Friday, July 18, 2014

Fantasia Days -02 & -01: Ju-on: White Ghost, Ju-on: Black Ghost

Much like there is no Year Zero in the Christian calendar, there is no Day 00 when talking about festivals. If you're watching stuff on screeners or otherwise in preparation, that's day minus one and so on back. My blog, my rules, even if I am a count-from-zero guy most of the time.

And why, pray tell, am I doing this? Because there's a new Ju-on sequel playing the festival, and while it will almost certainly ignore the two direct-to-video short features made in 2009, what if it doesn't? These things can be hard enough to keep track of without missing pieces, and the Blu-ray Well Go put out a few years back was on my shelf anyway, so I figured I might as well check them out.

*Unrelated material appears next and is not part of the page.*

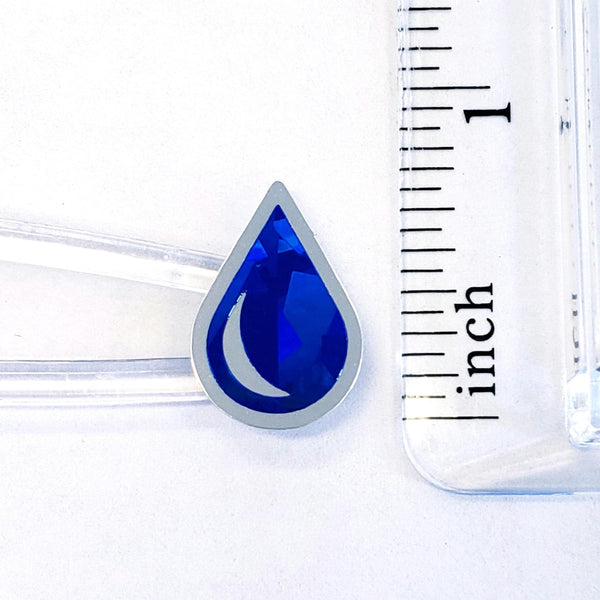 Rain Stickers, set of 64 dark blue teardrop shaped stickers for weather tracker, school science project, water plants and drink reminder.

Oddly, Well Go lists White Ghost and Black Ghost as separate movies on the back of the packaging, but they are encoded as one long feature, with the credits for both at the end. I'm not sure why they'd do that unless there's some weird licensing fee for the encoding involved or something.

Ju-on: Shiroi Rojo (Ju-on: White Ghost)

* * (out of four)
Seen 15 July 2014 in Jay's Living Room (Fantasia Festival prep, Blu-ray)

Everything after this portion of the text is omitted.